**WORKING DATA:**
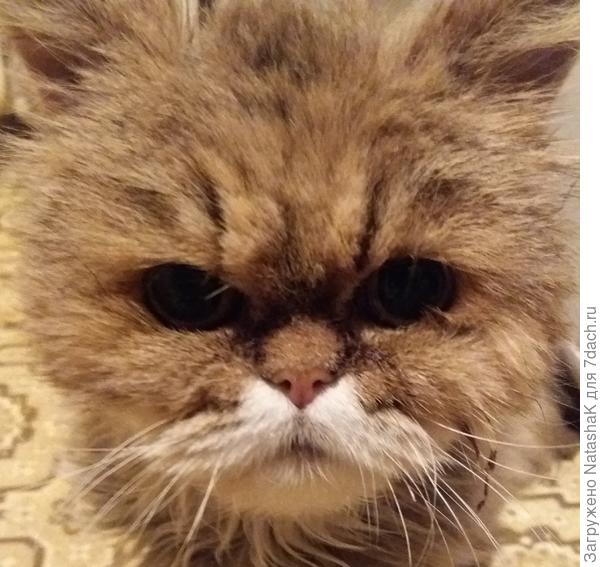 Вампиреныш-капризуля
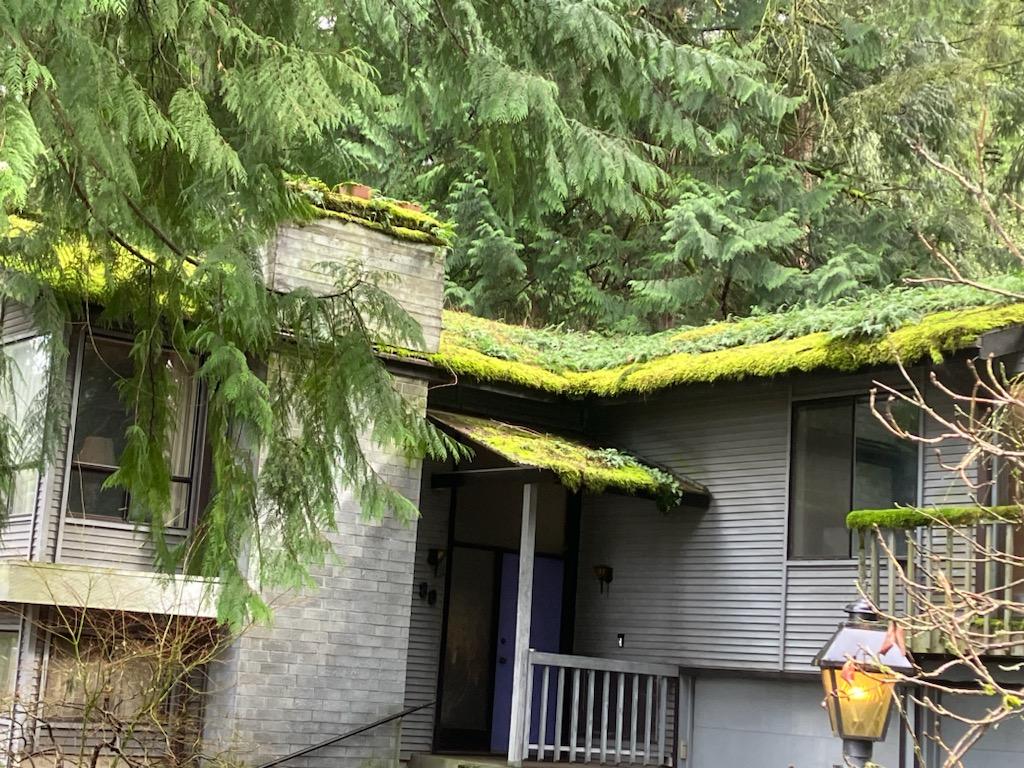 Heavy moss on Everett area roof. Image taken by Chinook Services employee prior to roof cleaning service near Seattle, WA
* * *
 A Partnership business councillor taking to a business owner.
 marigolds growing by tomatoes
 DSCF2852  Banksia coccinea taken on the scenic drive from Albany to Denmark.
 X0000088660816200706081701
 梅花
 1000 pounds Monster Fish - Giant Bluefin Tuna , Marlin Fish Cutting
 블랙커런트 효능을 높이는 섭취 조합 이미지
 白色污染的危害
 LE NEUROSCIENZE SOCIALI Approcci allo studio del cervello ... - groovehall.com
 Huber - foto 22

**PROBLEM TO SOLVE:** Only the lines above from the one containing "Вампиреныш-капризуля" through the one containing "Heavy moss on" should be returned, verbatim and inclusive, with pictures excluded.

**TASK ANSWER:**
 Вампиреныш-капризуля
 Heavy moss on Everett area roof. Image taken by Chinook Services employee prior to roof cleaning service near Seattle, WA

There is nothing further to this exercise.